### DIRECTIONS
Every line from the start of the records below to the line containing "Tyler Clark, OF/RHP, University" should be retyped exactly, that line included, and no others.

━━━━━━

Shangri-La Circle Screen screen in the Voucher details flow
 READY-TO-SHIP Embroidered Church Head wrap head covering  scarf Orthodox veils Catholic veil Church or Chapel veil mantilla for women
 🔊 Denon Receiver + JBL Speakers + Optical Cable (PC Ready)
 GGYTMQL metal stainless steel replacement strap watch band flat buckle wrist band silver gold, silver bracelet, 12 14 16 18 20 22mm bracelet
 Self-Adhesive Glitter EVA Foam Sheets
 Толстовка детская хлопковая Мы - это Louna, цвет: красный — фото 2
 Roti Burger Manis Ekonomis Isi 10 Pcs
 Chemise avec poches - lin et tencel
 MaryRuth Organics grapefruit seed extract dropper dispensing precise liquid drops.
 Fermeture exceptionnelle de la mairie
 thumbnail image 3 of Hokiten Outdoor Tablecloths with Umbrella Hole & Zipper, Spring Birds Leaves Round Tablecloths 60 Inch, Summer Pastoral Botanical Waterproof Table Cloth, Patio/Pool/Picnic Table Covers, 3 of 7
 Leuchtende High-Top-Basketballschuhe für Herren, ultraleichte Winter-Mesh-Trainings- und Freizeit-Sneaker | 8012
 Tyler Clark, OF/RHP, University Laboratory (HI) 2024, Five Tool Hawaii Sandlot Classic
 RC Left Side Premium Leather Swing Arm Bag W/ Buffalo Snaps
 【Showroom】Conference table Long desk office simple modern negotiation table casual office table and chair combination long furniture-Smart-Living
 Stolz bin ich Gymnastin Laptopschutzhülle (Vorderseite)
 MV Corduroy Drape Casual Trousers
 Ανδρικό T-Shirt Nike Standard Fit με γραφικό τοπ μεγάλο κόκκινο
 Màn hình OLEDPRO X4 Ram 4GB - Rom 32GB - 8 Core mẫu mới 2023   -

━━━━━━

### SOLUTION FOR THIS PROBLEM
Shangri-La Circle Screen screen in the Voucher details flow
 READY-TO-SHIP Embroidered Church Head wrap head covering  scarf Orthodox veils Catholic veil Church or Chapel veil mantilla for women
 🔊 Denon Receiver + JBL Speakers + Optical Cable (PC Ready)
 GGYTMQL metal stainless steel replacement strap watch band flat buckle wrist band silver gold, silver bracelet, 12 14 16 18 20 22mm bracelet
 Self-Adhesive Glitter EVA Foam Sheets
 Толстовка детская хлопковая Мы - это Louna, цвет: красный — фото 2
 Roti Burger Manis Ekonomis Isi 10 Pcs
 Chemise avec poches - lin et tencel
 MaryRuth Organics grapefruit seed extract dropper dispensing precise liquid drops.
 Fermeture exceptionnelle de la mairie
 thumbnail image 3 of Hokiten Outdoor Tablecloths with Umbrella Hole & Zipper, Spring Birds Leaves Round Tablecloths 60 Inch, Summer Pastoral Botanical Waterproof Table Cloth, Patio/Pool/Picnic Table Covers, 3 of 7
 Leuchtende High-Top-Basketballschuhe für Herren, ultraleichte Winter-Mesh-Trainings- und Freizeit-Sneaker | 8012
 Tyler Clark, OF/RHP, University Laboratory (HI) 2024, Five Tool Hawaii Sandlot Classic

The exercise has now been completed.